__Collected data__
*** Block opens ***

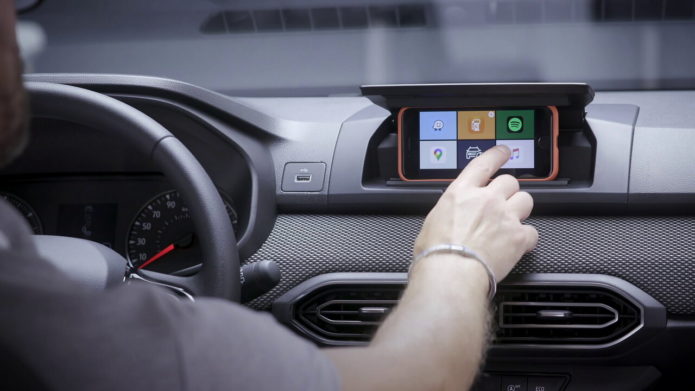 Dacia’s innovative Media Control turns your smartphone into an infotainment display screen
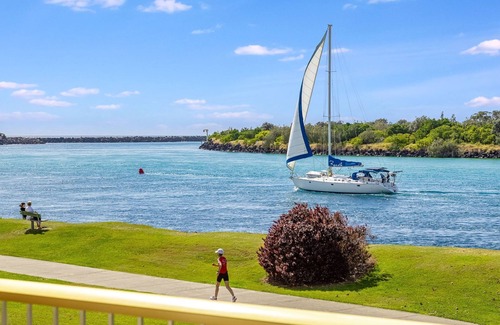 Tweed Heads Apartment | 5/18 Endeavour Parade Absolute riverfront in central Tweed Heads Wi-Fi Included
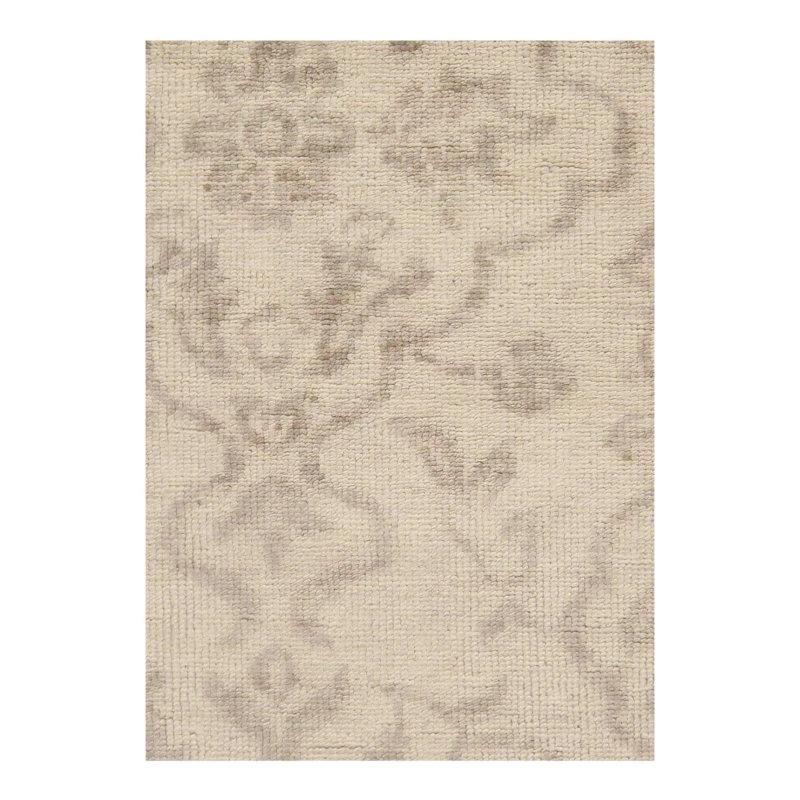 Floral Area Rug in Ivory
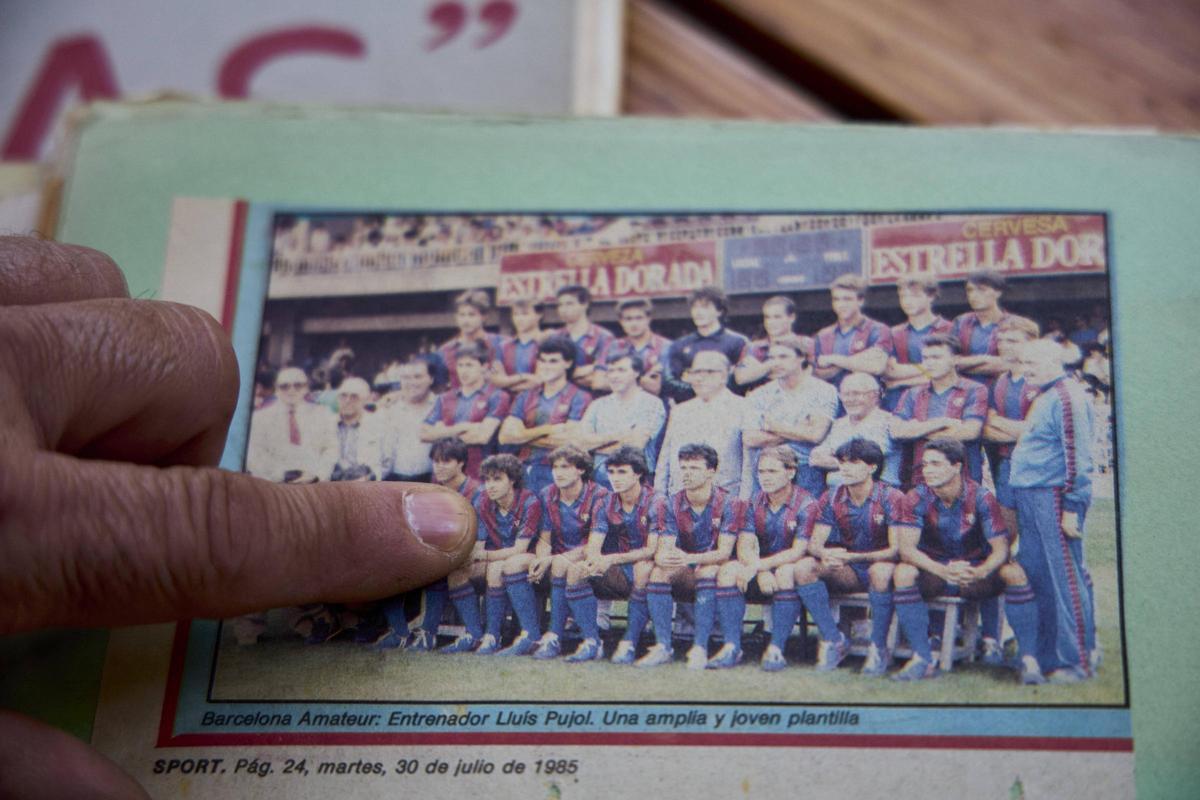 Pla, el segon de baix en la fotografia de la plantilla del Barça Amateur (C) 1985-86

*** Block closes ***

__Task description__
The answer should match the material exactly, with every picture removed.

__Task result__
 Dacia’s innovative Media Control turns your smartphone into an infotainment display screen
 Tweed Heads Apartment | 5/18 Endeavour Parade Absolute riverfront in central Tweed Heads Wi-Fi Included
 Floral Area Rug in Ivory
 Pla, el segon de baix en la fotografia de la plantilla del Barça Amateur (C) 1985-86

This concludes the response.